------ Raw data ------

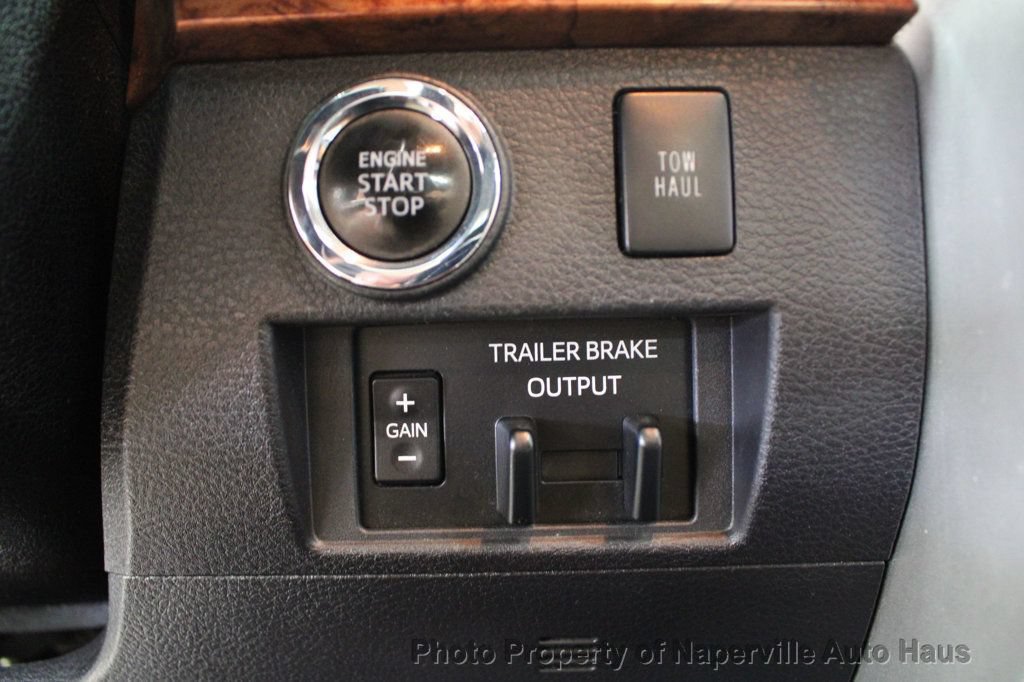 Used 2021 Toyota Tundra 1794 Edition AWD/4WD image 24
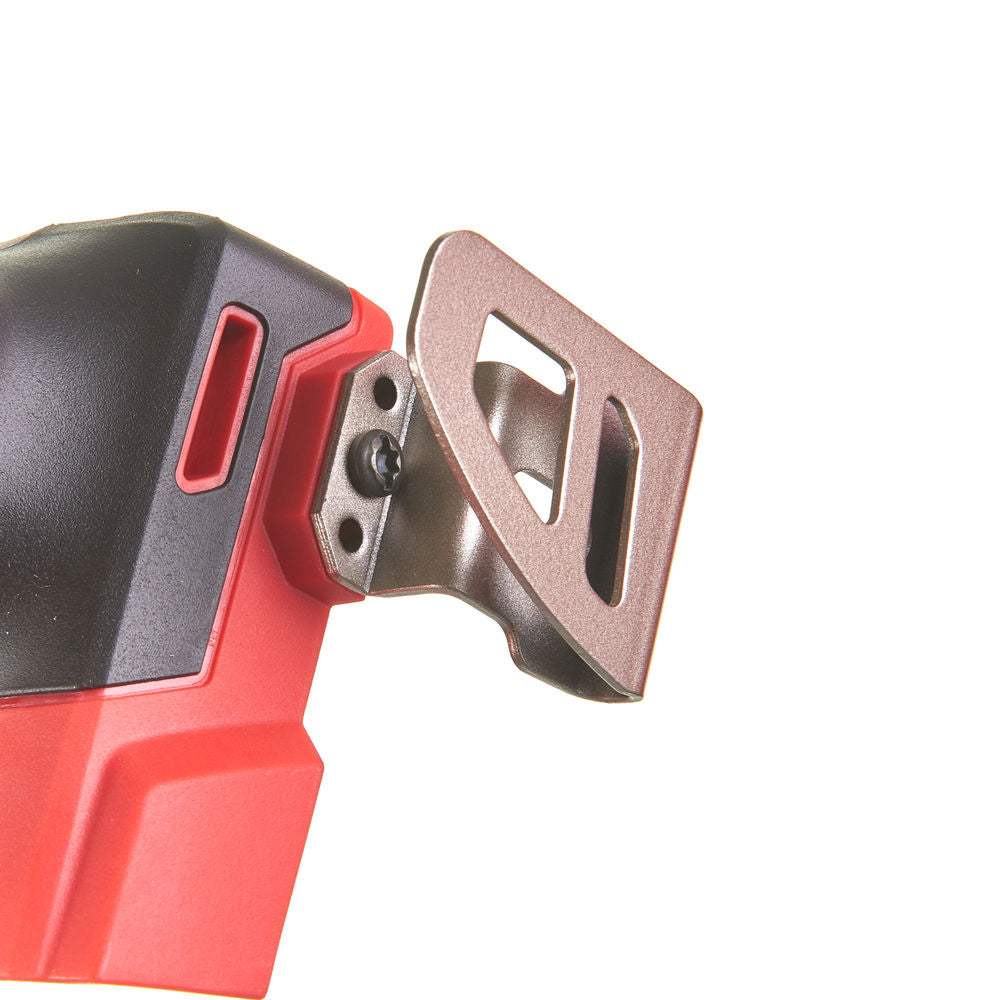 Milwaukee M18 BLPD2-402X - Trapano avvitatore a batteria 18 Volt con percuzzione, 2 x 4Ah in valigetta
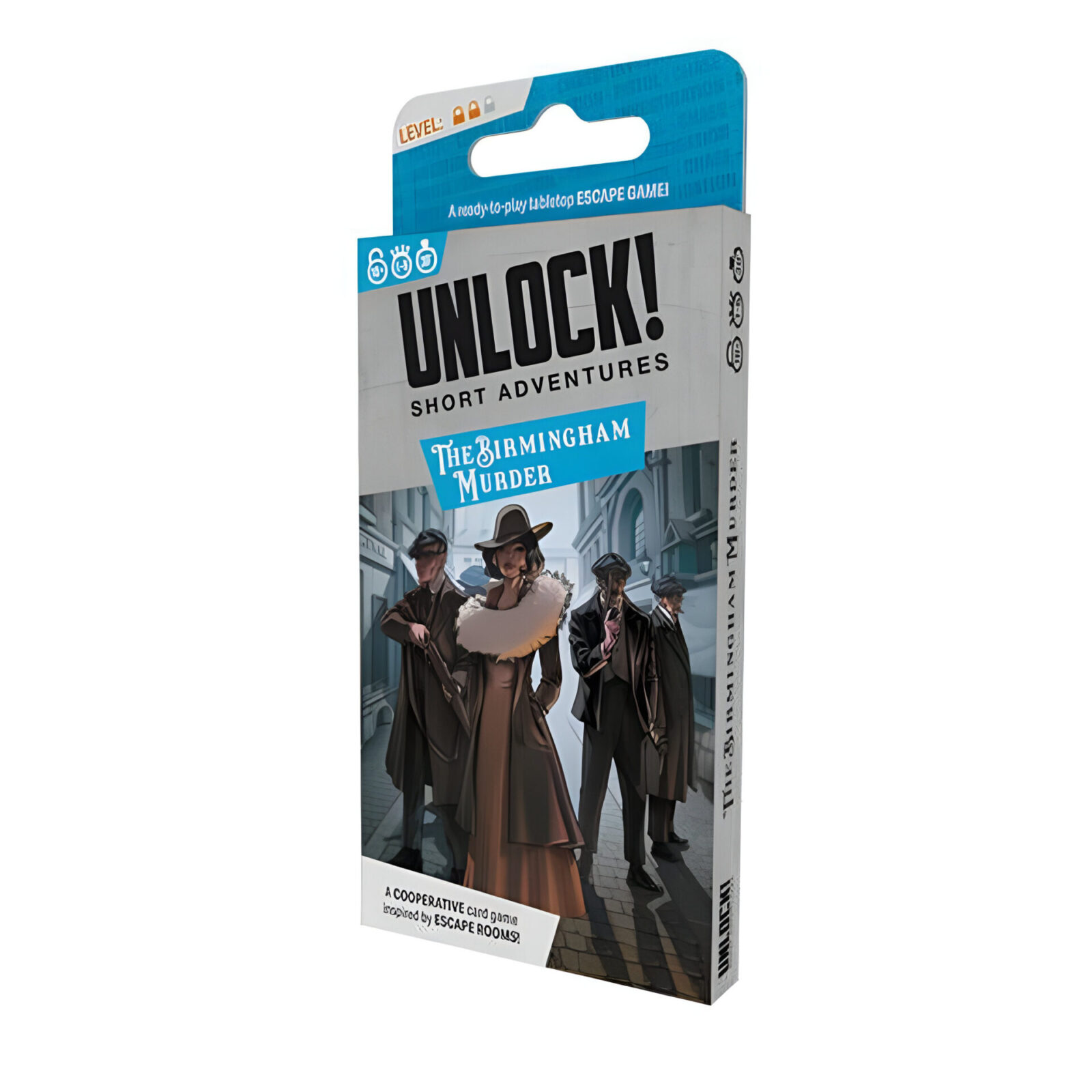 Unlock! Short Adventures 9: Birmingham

------

**Problem description:**
Transcribe the whole listing above exactly and leave out the pictures.

**Solution to this exercise:**
 Used 2021 Toyota Tundra 1794 Edition AWD/4WD image 24
 Milwaukee M18 BLPD2-402X - Trapano avvitatore a batteria 18 Volt con percuzzione, 2 x 4Ah in valigetta
 Unlock! Short Adventures 9: Birmingham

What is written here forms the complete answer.